In 1982, Steven Spielberg struck gold with science-fiction film, E.T. the Extra-Terrestrial, which starred Henry Thomas, Dee Wallace, and Drew Barrymore. That same year, American video game company, Atari, Inc., began developing a video game based on the film. Seemed like an easy slam dunk, but the company paid a whopping $21 million for the rights and then rushed its development (five and a half weeks) so that it would be ready for Christmas time. Just to breakeven on the rights the company had to sell 4 million copies. 5 million copies were produced and only 1.5 million were sold. Most of those 1.5 million copies that were sold, ended up being returned to the company because the quality of the game was THAT horrendous. To this day, many people contribute the game as major reason for the North American video game crash of 1983 and the demise of Atari in the gaming sector.
So, what happened to all those millions of unsold cartridges? As legend has it, in September of 1983 the company supposedly dumped 14 truckloads of discarded game cartridges into a New Mexico landfill. And now, over thirty years later, screenwriter, Zak Penn ("The Incredible Hulk") has led the search for the burial site and over the past two days has unearthed the legend.

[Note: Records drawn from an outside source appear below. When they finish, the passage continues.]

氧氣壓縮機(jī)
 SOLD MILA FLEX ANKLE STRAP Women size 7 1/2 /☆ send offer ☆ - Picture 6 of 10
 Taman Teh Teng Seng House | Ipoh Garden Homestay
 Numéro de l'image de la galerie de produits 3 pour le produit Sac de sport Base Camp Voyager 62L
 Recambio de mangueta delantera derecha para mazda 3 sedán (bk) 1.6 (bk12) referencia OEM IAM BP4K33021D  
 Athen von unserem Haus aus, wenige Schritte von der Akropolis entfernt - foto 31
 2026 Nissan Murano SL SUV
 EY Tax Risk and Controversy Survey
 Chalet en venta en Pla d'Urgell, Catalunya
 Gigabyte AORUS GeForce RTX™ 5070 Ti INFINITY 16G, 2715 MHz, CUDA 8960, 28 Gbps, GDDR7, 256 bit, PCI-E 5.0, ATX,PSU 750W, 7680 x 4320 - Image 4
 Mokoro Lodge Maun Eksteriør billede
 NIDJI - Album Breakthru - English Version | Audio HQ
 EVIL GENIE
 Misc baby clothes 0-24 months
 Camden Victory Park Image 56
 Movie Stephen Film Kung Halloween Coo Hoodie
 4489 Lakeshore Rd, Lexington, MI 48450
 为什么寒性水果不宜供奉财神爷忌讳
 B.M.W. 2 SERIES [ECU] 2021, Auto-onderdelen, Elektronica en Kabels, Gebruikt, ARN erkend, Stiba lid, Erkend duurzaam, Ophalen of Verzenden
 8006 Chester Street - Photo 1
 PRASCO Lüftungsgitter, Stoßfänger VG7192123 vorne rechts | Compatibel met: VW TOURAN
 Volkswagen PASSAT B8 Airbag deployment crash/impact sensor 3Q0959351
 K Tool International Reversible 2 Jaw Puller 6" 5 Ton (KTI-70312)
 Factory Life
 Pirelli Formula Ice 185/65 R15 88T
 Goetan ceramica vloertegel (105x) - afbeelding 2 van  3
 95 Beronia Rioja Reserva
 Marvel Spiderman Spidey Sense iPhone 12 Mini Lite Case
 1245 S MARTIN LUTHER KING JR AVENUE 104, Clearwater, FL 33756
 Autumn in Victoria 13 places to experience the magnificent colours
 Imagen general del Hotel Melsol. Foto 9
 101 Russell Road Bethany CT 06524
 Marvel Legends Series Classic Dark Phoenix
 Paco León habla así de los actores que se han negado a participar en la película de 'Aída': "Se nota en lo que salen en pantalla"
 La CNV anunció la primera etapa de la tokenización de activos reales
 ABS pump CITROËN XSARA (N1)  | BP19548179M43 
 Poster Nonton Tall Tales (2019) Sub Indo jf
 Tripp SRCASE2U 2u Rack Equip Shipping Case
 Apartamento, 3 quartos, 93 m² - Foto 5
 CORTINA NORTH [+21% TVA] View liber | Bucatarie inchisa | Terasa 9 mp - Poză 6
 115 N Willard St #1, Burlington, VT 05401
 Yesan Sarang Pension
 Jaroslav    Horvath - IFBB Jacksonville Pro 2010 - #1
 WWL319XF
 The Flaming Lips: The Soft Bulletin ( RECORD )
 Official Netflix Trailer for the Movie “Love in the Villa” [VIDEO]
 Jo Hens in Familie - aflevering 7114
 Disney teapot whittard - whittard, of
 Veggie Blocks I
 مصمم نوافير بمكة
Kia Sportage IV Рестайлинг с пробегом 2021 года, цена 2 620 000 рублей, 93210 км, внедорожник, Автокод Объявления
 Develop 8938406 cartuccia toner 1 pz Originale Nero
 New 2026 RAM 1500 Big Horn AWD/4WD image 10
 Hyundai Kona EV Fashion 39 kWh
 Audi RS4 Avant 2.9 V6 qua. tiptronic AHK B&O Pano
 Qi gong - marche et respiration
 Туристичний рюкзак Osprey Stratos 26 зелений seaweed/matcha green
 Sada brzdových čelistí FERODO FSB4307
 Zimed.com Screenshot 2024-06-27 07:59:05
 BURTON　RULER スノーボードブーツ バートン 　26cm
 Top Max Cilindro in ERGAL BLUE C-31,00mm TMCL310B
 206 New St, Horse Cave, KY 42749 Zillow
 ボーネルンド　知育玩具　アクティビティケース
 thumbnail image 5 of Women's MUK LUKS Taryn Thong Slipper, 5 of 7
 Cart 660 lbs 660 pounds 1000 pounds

A documentary film production company has found buried in a New Mexico landfill hundreds of the Atari "E.T." game cartridges that some call the worst video game ever made. Film director Zak Penn showed one "E.T." cartridge retrieved from the site and said that hundreds more were found in the mounds of trash and dirt scooped by a backhoe. About 200 residents and game enthusiasts gathered early Saturday in southeastern New Mexico to watch backhoes and bulldozers dig through the concrete-covered landfill in search of up to a million discarded copies of "E.T. The Extraterrestrial" that the game's maker wanted to hide forever. "I feel pretty relieved and psyched that they actually got to see something," said Penn as members of the production team sifted through the mounds of trash, pulling out boxes, games and other Atari products.